Biographer Gabriella Kelly-Davies chats with biographers across the world about the myriad of choices they make while researching, writing and publishing life stories. In every episode, she explores elements of narrative strategy such as structure, use of fiction techniques, facts and truth, beginnings and endings and to what extent the writer interpreted the evidence rather than providing clues and leaving it to readers to do the interpreting themselves. She also asks how they researched their books; how they balanced a subject’s public, personal and inner lives; and ethical issues, such as privacy and revealing secrets.

  1. 2d ago

    Sheryle Bagwell "Letter from Provence: Two Women, Two Centuries and a Village House in France"

    In this latest episode of Biographers in Conversation, Sheryle Bagwell chats with Dr Gabriella Kelly-Davies about Letter from Provence: Two Women, Two Centuries and a Village House in France. Here’s what you’ll discover in this episode: Sheryle Bagwell explains how the chance discovery of a dust-covered volume of Madame de Sévigné’s letters in her Provençal attic became the catalyst for a story she had been unconsciously preparing to write for several decades.  Sheryle reveals that the ‘two women’ of the subtitle are her mother Judith and Madame de Sévigné, a distinction that reframes the emotional architecture of the story. Sheryle describes how Madame de Sévigné, writing before the age of newspapers, effectively functioned as the world’s first blogger, giving her intimate circle and ultimately history, eyewitness accounts of Louis XIV’s court through letters she knew were being read aloud and passed around. Sheryle describes the discovery that her mother Judith and Madame de Sévigné had striking parallels. Both were feisty and both died without their daughters present, which became the emotional spine of the story. Sheryle reflects on writing the book later in life as an intentional choice: ‘I don’t think I could have written this book in mid-career’, she said. ‘I needed the wisdom that comes later in life to honestly reckon with a childhood shaped by domestic violence and a mother who never got to escape it.’ Sheryle closes the story with a letter to her mother written from Provence, which she describes as the first letter she ever wrote to her mother, and the one the entire story was always travelling towards.

    33 min
  2. Jun 3

    Micaela Sahhar "Find Me at the Jaffa Gate: An Encyclopaedia of a Palestinian Family"

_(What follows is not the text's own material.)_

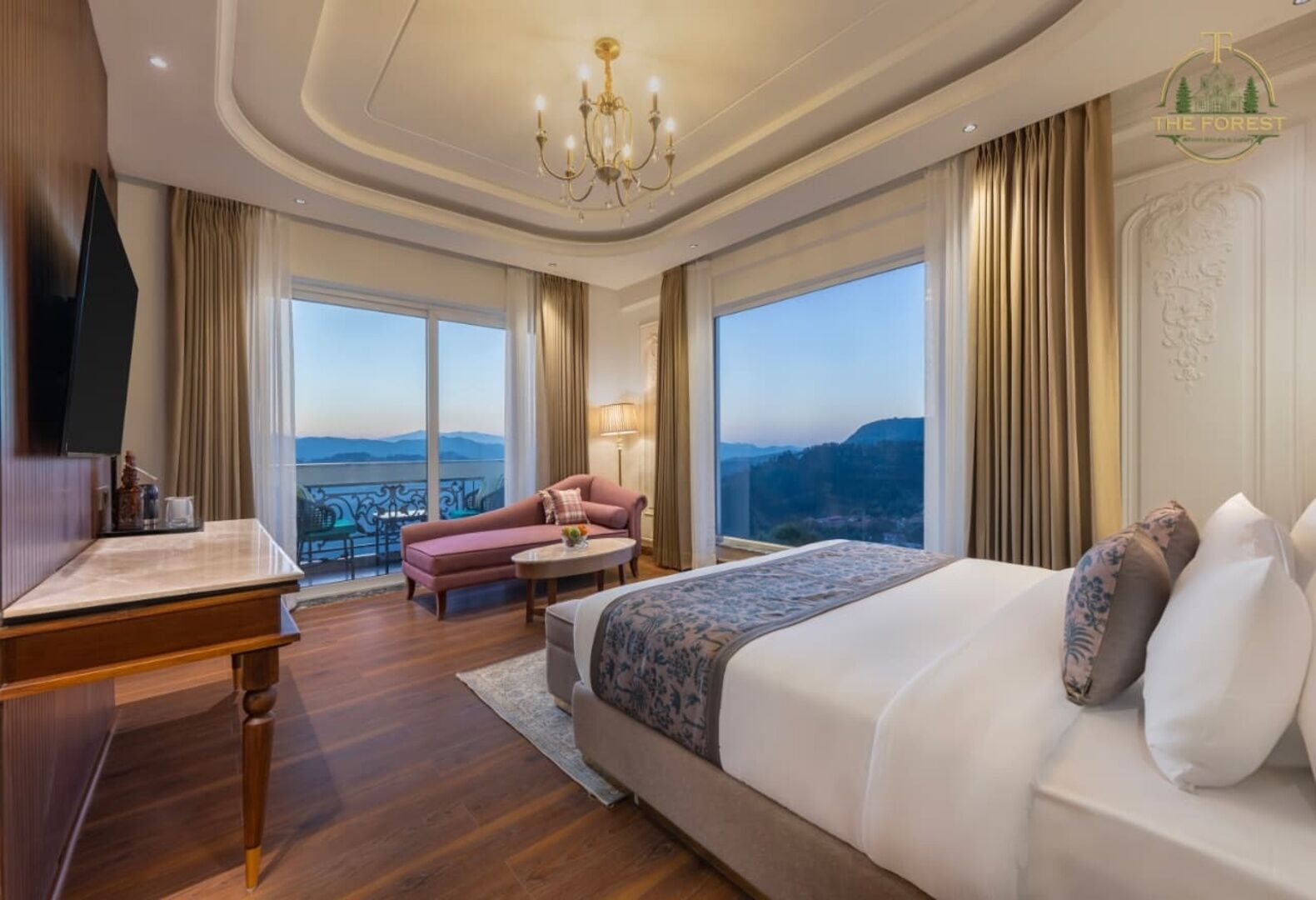 Habitación de lujo, balcón, vistas a la montaña | Escritorio y wifi gratis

    In this latest episode of Biographers in Conversation, Dr Micaela Sahhar chats with Dr Gabriella Kelly-Davies about her choices while crafting Find Me at the Jaffa Gate: An Encyclopaedia of a Palestinian Family. Here’s what you’ll discover in this episode: The death of Micaela Sahhar’s grandmother’s last surviving sister created a sense of urgency for Micaela to capture her Palestinian family’s stories before they slipped beyond living memory. With many primary sources destroyed in the 1948 Nakba, Micaela learned to read absence as a form of evidence, drawing on object memory, fragments, photographs, and ephemeral archives to reconstruct what official records could not. Micaela’s grandfather’s late-life oral history tapes were a vital source of historical and family information. They looped between present and past, between stories and digressions and became a structural model for the encyclopaedic, non-linear form of Find Me at the Jaffa Gate. In 2023, Micaela visited Jerusalem to retrace her family’s footsteps through the Old City. She recalls that walking the actual terrain, up hills, distances and ordinary neighbourhoods, brought a present-tense vividness to the story. Find Me at the Jaffa Gate is structured as a 48-entry encyclopaedia spanning four generations of Micaela’s Palestinian family, from the streets of Jerusalem and Bethlehem to the Palestinian community of Melbourne.

    53 min
  3. May 20

    Debra Adelaide "When I Am Sixty-Four"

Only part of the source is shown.